Step Two - Repeat step one, but with the chocolate pudding. Pour it gently on top of the cream cheese pudding, holding out a portion. (if you allow the pudding to pour too forcefully, you will pour a "hole" into the previous pudding layer and lose the smooth evenness of your bottom layer.) Layering in this order allows you to use the same bowl b/c having traces of the vanilla pudding mixed into the choc won't change anything. If you do it in reverse, however, the traces of chocolate will discolor the lighter pudding, even though it will taste the same. :)
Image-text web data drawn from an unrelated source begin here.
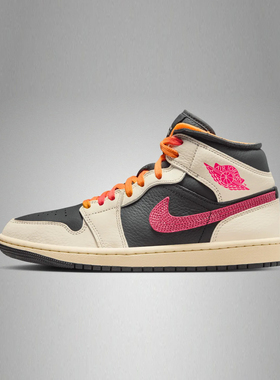 NIKE耐克女鞋WMNSAIRJORDAN1MIDSEEDG运动篮球鞋IB7007-107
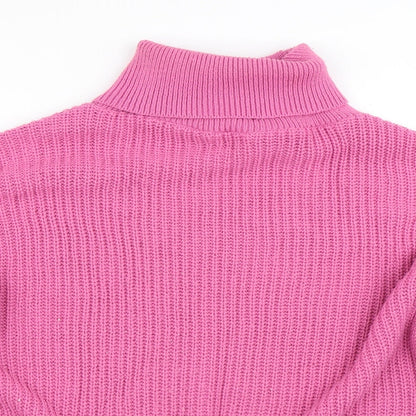 Womens UK Size 10 In the Style Pink Pullover Jumper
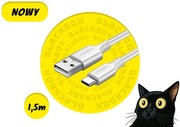 [NOWY] Kabel Ugreen Nickel Plating USB-A/USB-C [1,5m] [Biały]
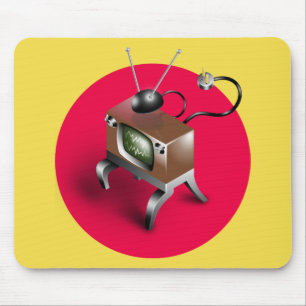 Vintage Television Design - Mouse Pad
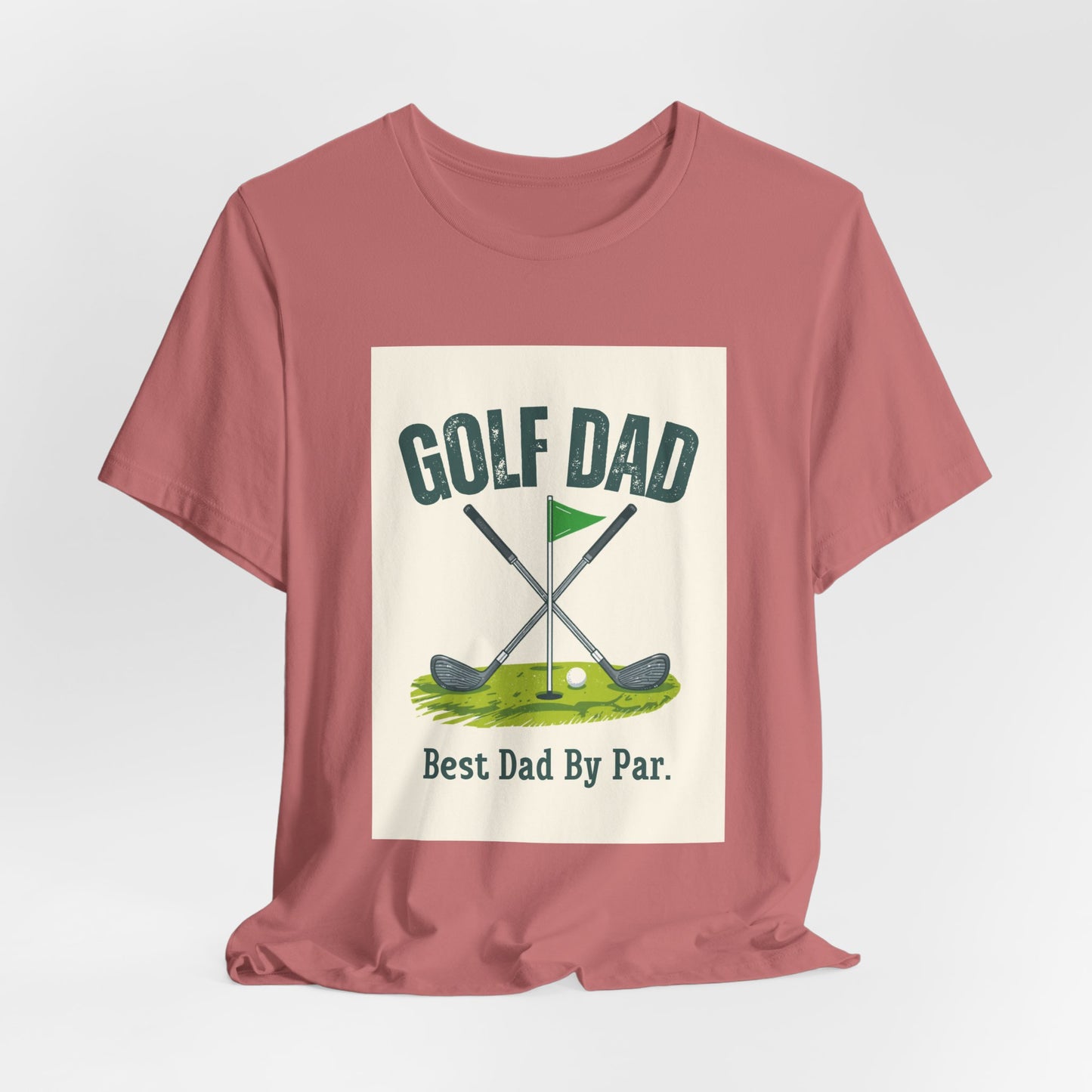 Golf Dad T-Shirt — Best Dad By Par | Funny Father's Day Gift for Golfing Dads | Men's Graphic Tee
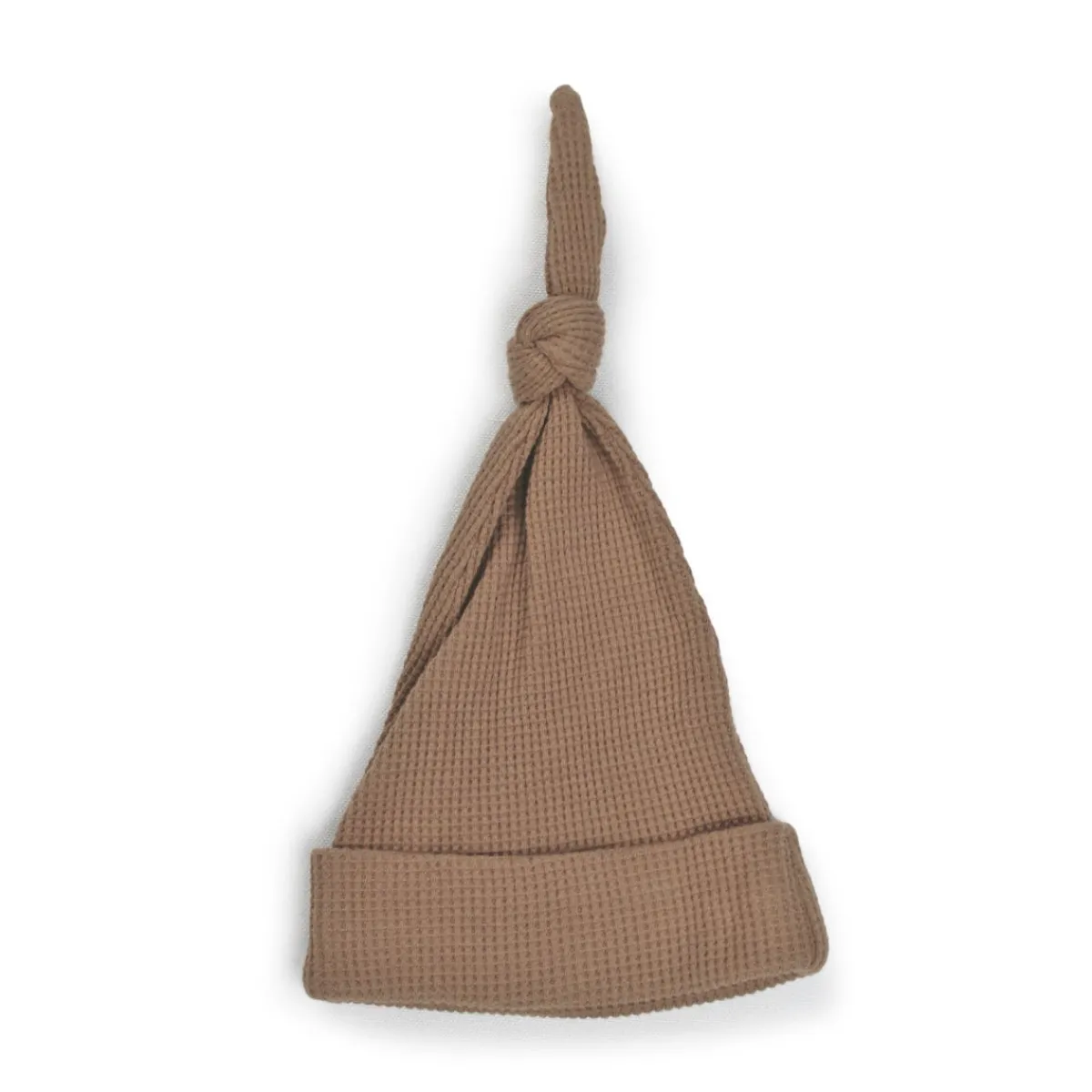 Infant Hats-Simple Waffle Knit Knotted Hat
Step Three - Dollop softened cool whip onto the top of the chocolate pudding and spread evenly to cover pie. You should use around half of a tub of cool whip.

Step Four - use pudding that has been held out to make one or two individual little pudding dishes. Layer them to mimic the pie, or keep the flavors separate! I usually prefer to repeat the steps of the pie.

Step Five - (may be best to withhold this step until right before serving pie) Drizzle chocolate or caramel ice cream topping across top of pie. Or decorate with sprinkles, crumbled cookies... be creative!

When you finish, you have a pie that has pretty layers alternating dark and light from crust to topping. Whole making/combining process takes maybe 15 minutes and you're done! Total price, maybe $5. If you shop coupons and sales - much cheaper!

Variation: A vanilla cookie crust also works nice. You lose some of your layered contrast, but the taste is still yummy! I do prefer either cookie crust over a graham cracker crust for this particular dessert.